*** Opening of Data under study ***

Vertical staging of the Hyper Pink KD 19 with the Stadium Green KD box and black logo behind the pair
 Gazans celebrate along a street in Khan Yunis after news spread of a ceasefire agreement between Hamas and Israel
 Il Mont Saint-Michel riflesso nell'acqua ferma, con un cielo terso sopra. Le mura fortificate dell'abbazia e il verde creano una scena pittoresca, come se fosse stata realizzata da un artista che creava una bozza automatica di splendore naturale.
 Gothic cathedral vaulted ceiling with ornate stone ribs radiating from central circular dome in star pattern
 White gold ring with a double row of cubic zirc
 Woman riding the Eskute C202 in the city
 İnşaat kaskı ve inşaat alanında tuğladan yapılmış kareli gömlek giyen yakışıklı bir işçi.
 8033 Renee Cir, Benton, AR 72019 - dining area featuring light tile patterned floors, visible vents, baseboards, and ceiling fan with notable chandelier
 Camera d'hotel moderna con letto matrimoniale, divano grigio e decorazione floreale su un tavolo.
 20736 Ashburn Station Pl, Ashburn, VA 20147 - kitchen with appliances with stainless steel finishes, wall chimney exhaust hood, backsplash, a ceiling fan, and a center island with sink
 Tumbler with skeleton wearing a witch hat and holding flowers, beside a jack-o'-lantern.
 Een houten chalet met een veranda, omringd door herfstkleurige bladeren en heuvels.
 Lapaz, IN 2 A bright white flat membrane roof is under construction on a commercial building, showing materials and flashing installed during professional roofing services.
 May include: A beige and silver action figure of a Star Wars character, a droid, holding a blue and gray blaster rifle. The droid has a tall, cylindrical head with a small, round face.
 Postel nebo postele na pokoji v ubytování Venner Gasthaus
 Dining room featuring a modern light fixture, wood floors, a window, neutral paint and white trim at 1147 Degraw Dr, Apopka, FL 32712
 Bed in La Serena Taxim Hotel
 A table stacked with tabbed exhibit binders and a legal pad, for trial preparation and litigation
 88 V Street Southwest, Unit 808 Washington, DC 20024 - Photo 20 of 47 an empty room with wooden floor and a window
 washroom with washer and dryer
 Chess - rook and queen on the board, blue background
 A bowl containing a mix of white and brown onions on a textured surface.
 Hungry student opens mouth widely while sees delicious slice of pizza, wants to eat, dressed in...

*** Close of Data under study ***

Exercise details: Using the data above, reproduce exactly the lines from the line that contains "Gothic cathedral vaulted" through the line that contains "İnşaat kaskı ve", including both.

Response below:
 Gothic cathedral vaulted ceiling with ornate stone ribs radiating from central circular dome in star pattern
 White gold ring with a double row of cubic zirc
 Woman riding the Eskute C202 in the city
 İnşaat kaskı ve inşaat alanında tuğladan yapılmış kareli gömlek giyen yakışıklı bir işçi.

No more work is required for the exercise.